Chen Xinyu dit à Zhao Qiang : « Bien que ce casino clandestin ne paraisse pas très important, il est lié à des activités très importantes. Sinon, compte tenu du statut de Zhou Wan et Qingqing, ils s'en seraient occupés depuis longtemps. »

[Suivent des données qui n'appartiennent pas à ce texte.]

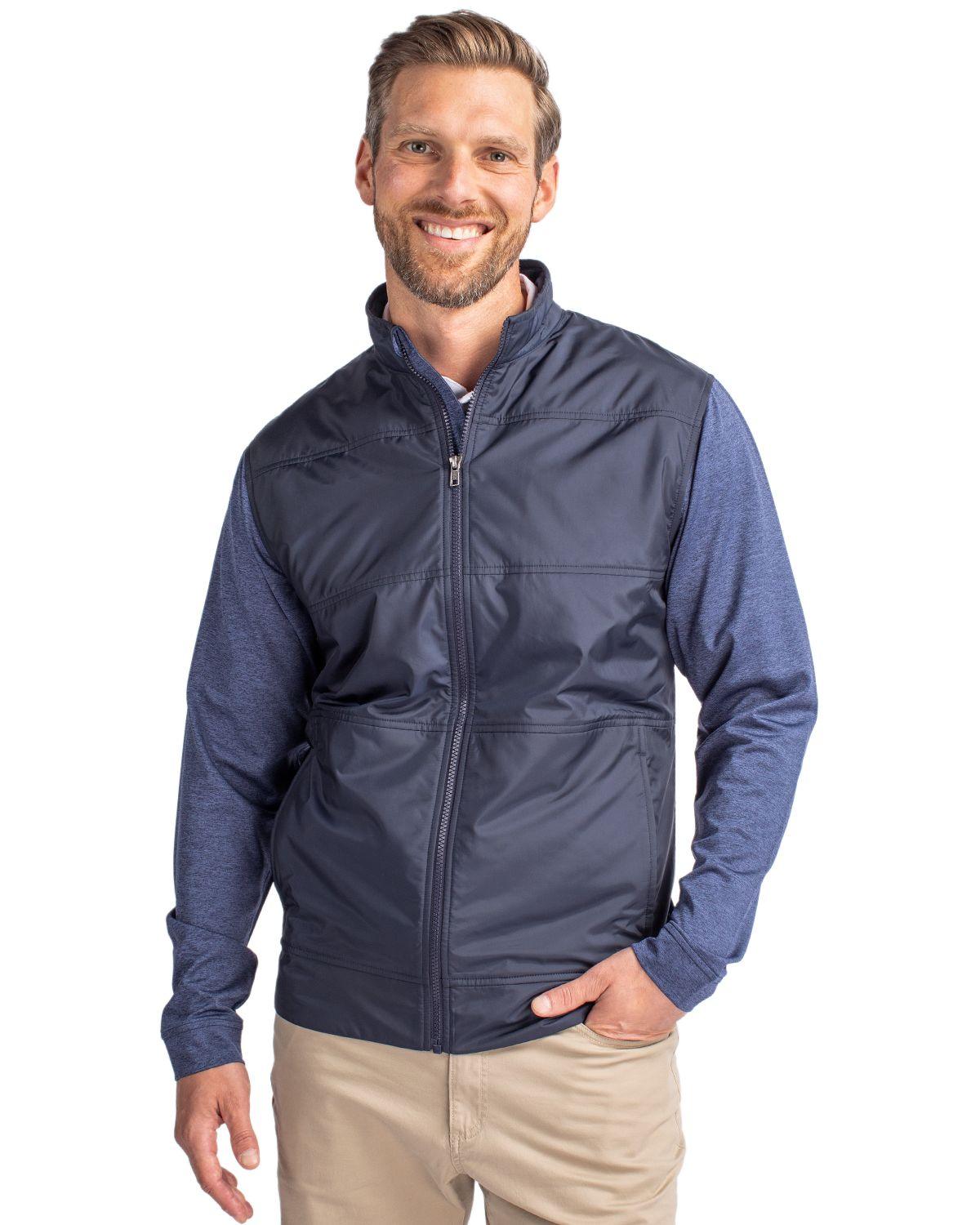 Cutter & Buck Stealth Full Zip Jacket Navy - Hajjar's Big & Tall Mens Clothing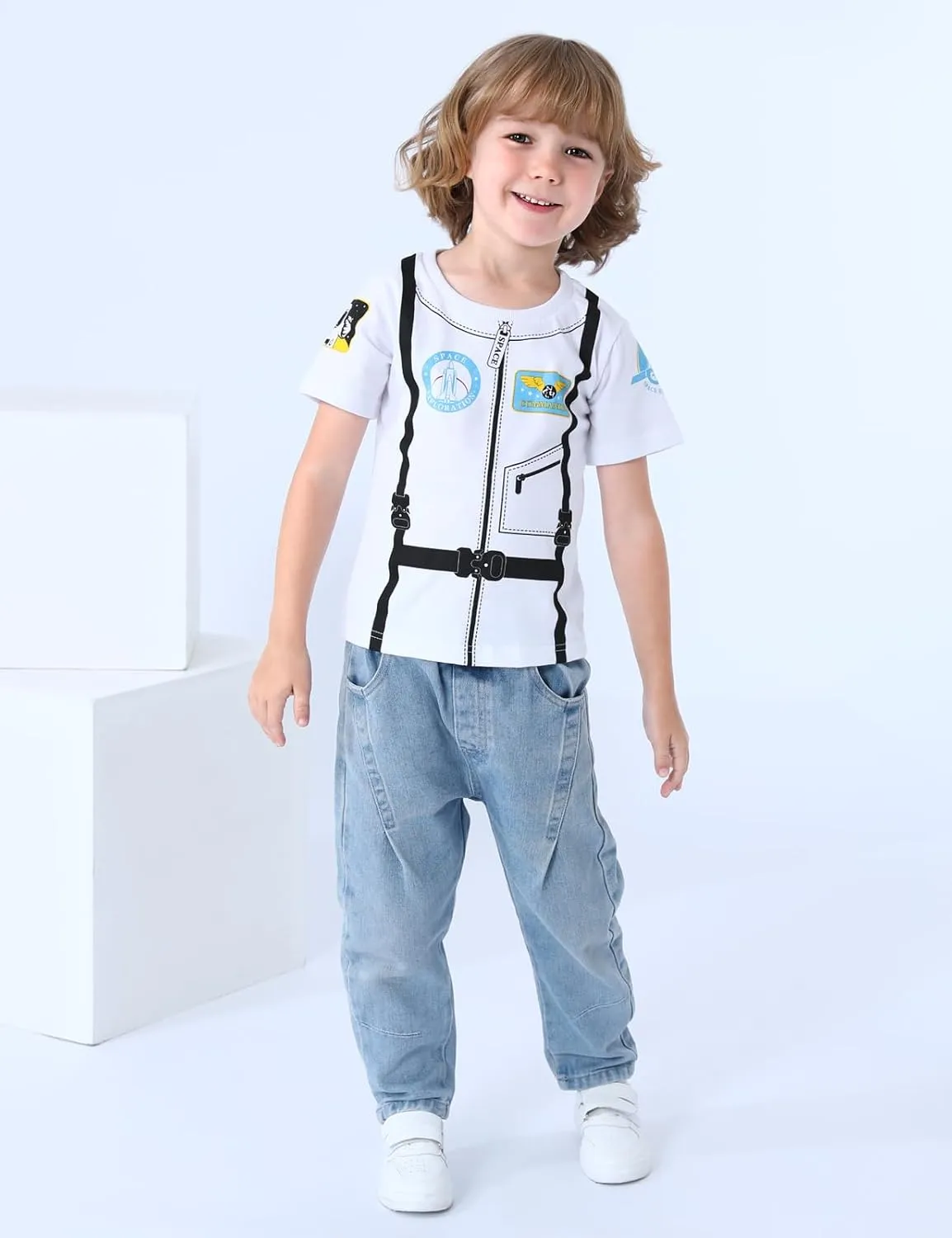 COSLAND Boys and Toddlers' Cotton Print Short Sleeve T-Shirt, Novelty Crew Neck Tee, 2T-Large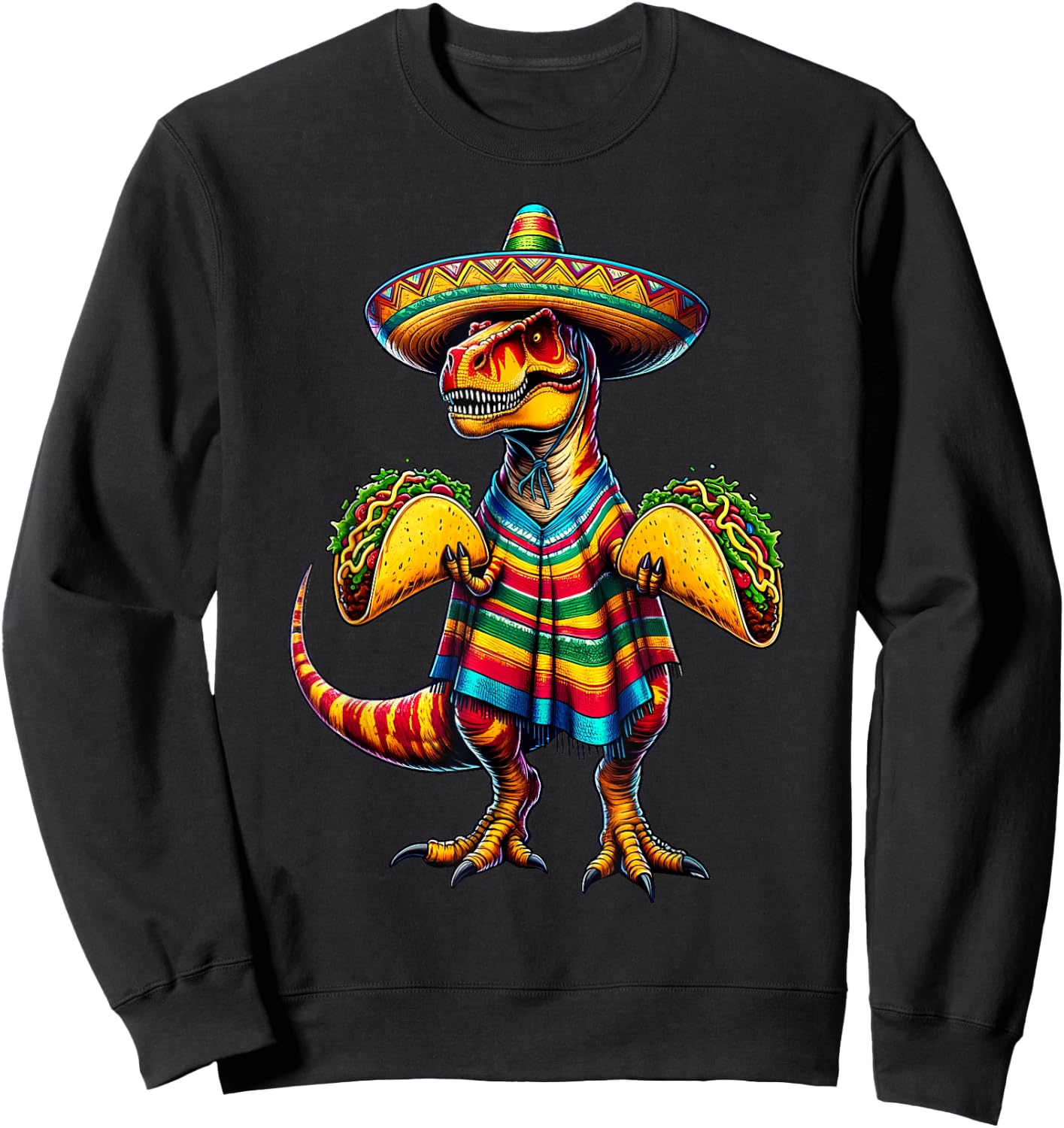 T-rex Dinosaur Taco Lover Cinco de Mayo Sombrero Poncho Sweatshirt - Sweatshirt | Black
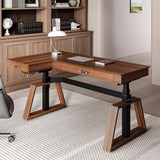 EUREKA ERGONOMIC L Shaped Desk 63", Solid Walnut Wood Top, Executive Standing Desk Adjustable Height, Dual Motor Corner Workstation with Drawers & Monitor Shelf for Home Office, Left EUREKA ERGONOMIC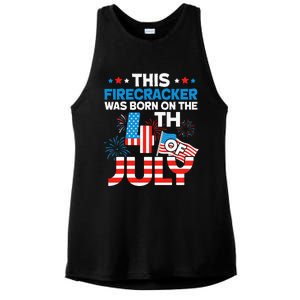 This Firecracker Born On 4th Of July Patriotic Birthday Ladies PosiCharge Tri-Blend Wicking Tank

On ne m'a pratiquement rien demandé en entrant dans le casino, ce qui montre que le propriétaire est très sûr de lui et qu'aucun policier n'oserait venir contrôler.

Li Qingqing pressa violemment le couteau contre le cou de Zhou Wan : « Je me fiche de ce que vous faites, écartez-vous immédiatement, sinon je la tuerai vraiment et il y aura un meurtre ici, et aucun de vous n'échappera à sa responsabilité. »

Zhao Qiang craignait vraiment qu'une folle comme Li Qingqing ne fasse une bêtise. Il repoussa les gardes de sécurité du casino qui se tenaient devant lui et cria

: «

Posez le couteau

! Laissez-moi m'en occuper

!

»

En apercevant Zhao Qiang, Li Qingqing vit également Chen Xinyu. Elle poussa un soupir de soulagement. Sans sa vivacité d'esprit qui lui avait permis de les menacer de mort, elle aurait probablement déjà été déshabillée et violée en réunion. Bien qu'elle n'eût pas peur, la simple pensée d'être souillée par des individus qu'elle n'appréciait pas suscitait encore du ressentiment chez Li Qingqing et Zhou Wan.